(AVAILABLE DATA Opens)

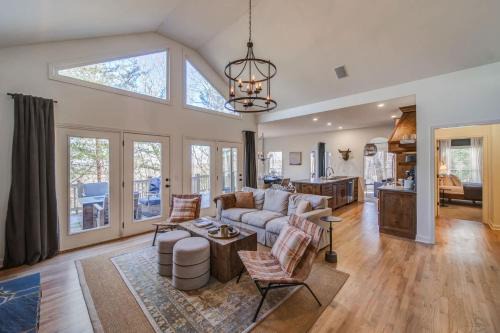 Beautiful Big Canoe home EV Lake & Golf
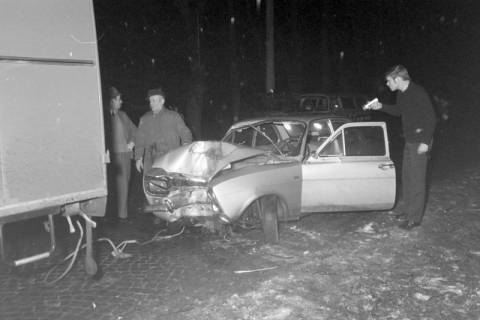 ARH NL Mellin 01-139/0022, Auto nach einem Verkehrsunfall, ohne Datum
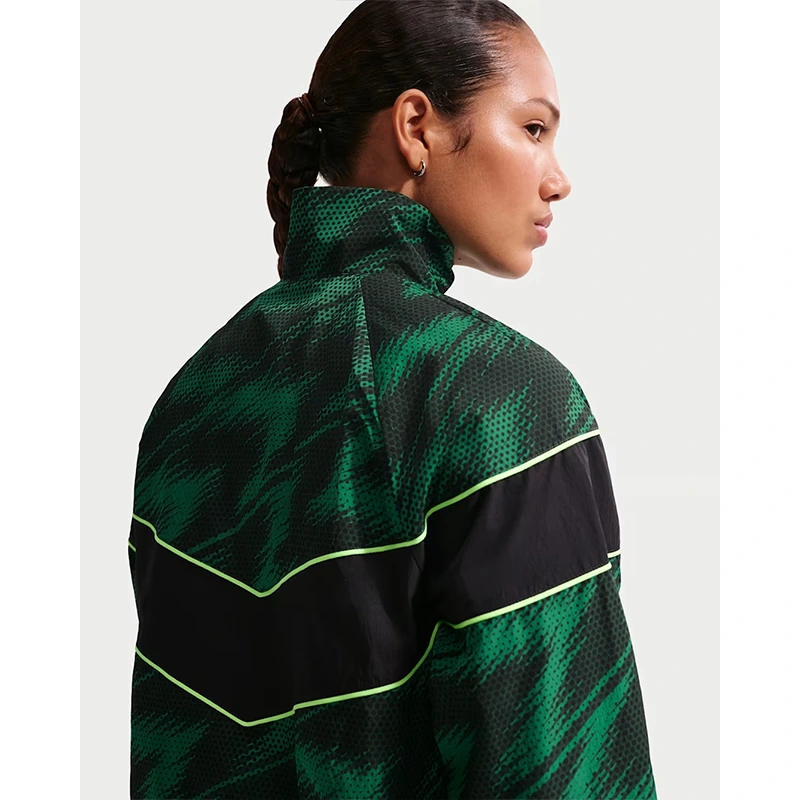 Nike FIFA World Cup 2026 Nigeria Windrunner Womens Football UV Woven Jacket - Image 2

(AVAILABLE DATA Closes)

With the images removed, write out all of the material above exactly.

 Beautiful Big Canoe home EV Lake & Golf
 ARH NL Mellin 01-139/0022, Auto nach einem Verkehrsunfall, ohne Datum
 Nike FIFA World Cup 2026 Nigeria Windrunner Womens Football UV Woven Jacket - Image 2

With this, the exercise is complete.